New Living Translation
Keep your servant from deliberate sins! Don’t let them control me. Then I will be free of guilt and innocent of great sin.
These two translations use the adjectives presumptuous and deliberate. I want to take a moment to look at what presumptuous sin looks like.
The word presumptuous is defined as: A person or their behavior failing to observe the limits of what is permitted or appropriate.
Let’s be clear. It is a willful choice to go beyond the limit. It is a sinful act with full knowledge that it is wrong where you acknowledge the limit, but you are convinced that the right path is to sin and then ask forgiveness afterward.
That’s how I think presumptuous sin works, with willful and knowledgeable acts of defiance. The Psalmist is asking God to keep him from committing such sins. Today, our definition of sin is covered by God’s Grace, and we rarely think about presumptuous sin, because His Forgiveness is always present. However, I’m not saying that God’s Forgiveness and Grace isn’t sufficient to cover any presumptuous sin, but the Psalmist did call it out by name and was concerned that he would commit them. I love the honesty of the Psalms because they reveal the cries from the heart and are so relatable.
I have wondered how many times I have willfully disobeyed God. It’s almost like ignoring a low tire. You figure you will get around to fixing it someday, but usually it gets fixed when you discover it went flat overnight. Presumptuous sin is like that … it sneaks up on you when you least expect it and you find yourself committing sin willfully.
This prompted me to analyze my propensity for presumptuous sins. Lust, for example, is always equated sexually, but lust can be a presumptuous sin for lots of things. Power, control, wealth, status, recognition … the list goes on and on. Lust is a condition of the heart. It is oriented in a selfish defiance of logic, reason, and desire to obtain something that may not belong to you, but you desire to have.
That could speak to many things in our lives, and as Americans, we have been schooled in the art of lust by our culture that reminds us that we can achieve anything if we position our goals for achievement. Plus, our marketing tells us that we are not successful unless we have certain status or things to prove our wealth or position.
Now, I know there is a fine line between ambition and lust, but I think the difference lies in the motive. Ambition is the achievement to be the best at what you do for the cause of a better world. Lust is the achievement of something that is the fulfillment of a personal gratification. A presumptuous sin uses our emotions and our lustful gratification to draw us toward a willful act of rebellion against God and against others. As the Scripture says:
1 Samuel 15:23 Rebellion is as sinful as witchcraft, and stubbornness as bad as worshiping idols. So because you have rejected the command of the LORD, he has rejected you as king.

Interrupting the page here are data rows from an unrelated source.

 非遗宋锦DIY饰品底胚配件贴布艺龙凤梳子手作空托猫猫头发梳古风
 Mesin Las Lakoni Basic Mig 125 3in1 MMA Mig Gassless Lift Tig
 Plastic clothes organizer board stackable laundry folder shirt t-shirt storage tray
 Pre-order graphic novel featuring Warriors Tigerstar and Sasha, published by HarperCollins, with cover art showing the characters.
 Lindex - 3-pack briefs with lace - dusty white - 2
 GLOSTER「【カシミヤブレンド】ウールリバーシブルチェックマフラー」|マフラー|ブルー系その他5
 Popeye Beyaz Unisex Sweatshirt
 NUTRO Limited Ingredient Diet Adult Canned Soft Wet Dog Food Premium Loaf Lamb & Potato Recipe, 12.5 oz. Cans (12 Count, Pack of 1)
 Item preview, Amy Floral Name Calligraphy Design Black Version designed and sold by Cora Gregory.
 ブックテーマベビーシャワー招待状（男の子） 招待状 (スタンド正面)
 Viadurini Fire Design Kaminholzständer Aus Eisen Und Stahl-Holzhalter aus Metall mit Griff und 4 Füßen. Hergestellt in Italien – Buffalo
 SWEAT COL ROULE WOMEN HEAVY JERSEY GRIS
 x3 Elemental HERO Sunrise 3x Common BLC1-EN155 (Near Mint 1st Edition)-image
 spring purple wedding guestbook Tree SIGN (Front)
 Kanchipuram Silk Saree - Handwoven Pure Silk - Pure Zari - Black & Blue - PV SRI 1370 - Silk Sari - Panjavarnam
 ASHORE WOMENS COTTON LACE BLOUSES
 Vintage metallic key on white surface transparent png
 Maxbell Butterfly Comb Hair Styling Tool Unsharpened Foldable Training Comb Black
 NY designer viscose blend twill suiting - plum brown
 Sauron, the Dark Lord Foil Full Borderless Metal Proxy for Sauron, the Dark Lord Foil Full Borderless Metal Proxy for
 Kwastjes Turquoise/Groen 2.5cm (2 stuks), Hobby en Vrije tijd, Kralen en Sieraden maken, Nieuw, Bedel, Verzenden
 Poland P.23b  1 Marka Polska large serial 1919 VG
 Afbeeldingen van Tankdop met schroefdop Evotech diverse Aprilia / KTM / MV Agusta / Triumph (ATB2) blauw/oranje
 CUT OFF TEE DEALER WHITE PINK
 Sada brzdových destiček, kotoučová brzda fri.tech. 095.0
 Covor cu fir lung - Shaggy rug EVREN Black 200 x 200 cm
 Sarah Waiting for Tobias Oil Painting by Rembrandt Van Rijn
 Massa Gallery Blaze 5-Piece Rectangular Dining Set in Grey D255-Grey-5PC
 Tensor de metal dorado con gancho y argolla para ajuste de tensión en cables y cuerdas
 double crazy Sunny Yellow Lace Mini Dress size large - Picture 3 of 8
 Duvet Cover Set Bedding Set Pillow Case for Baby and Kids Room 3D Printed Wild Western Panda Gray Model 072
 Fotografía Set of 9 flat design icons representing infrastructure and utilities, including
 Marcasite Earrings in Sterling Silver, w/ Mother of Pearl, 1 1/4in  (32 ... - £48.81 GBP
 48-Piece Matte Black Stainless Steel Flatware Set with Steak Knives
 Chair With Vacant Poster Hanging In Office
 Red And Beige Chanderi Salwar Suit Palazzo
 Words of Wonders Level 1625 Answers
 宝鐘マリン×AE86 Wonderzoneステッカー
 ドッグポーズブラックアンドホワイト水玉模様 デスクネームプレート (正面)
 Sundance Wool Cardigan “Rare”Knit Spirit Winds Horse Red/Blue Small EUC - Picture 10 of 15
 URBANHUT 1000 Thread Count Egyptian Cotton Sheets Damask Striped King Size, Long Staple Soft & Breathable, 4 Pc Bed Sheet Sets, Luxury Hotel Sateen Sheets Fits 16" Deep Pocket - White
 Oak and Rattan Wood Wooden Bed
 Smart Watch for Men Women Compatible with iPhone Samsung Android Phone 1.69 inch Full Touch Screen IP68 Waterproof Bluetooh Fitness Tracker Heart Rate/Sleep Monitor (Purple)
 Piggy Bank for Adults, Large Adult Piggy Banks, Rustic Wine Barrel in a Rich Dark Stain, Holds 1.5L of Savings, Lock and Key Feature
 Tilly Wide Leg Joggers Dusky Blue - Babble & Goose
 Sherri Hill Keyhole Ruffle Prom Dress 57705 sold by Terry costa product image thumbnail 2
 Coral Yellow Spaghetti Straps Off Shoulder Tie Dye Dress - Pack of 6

Presumptuous sins then are more personal, and harder to control. They are often hidden behind the lines of our lives. We all have known Christian leaders who have fallen because the hidden sins of permission have come into the light. They are no different than any of us who have allowed the presumptuous sins to override our better judgment and spiritual commitment to God.
The Psalmist was right in bringing it before the Lord to ask for help in guiding him away from deliberate and willful desires.
The fight between the Spirit and the flesh is a lifelong battle. The first line of defense is to be fully aware that presumptuous sin exists and is real. Then we must acknowledge, as the Psalmist did, that our help comes from God. God knows how weak and fragile we are as it concerns sin, and He has offered Himself as a Solution to our weakness. God is the most Hopeful part of my fight against the sinful desires that will only destroy me. God has given Himself to help us in our immunity against our presumptuous sins.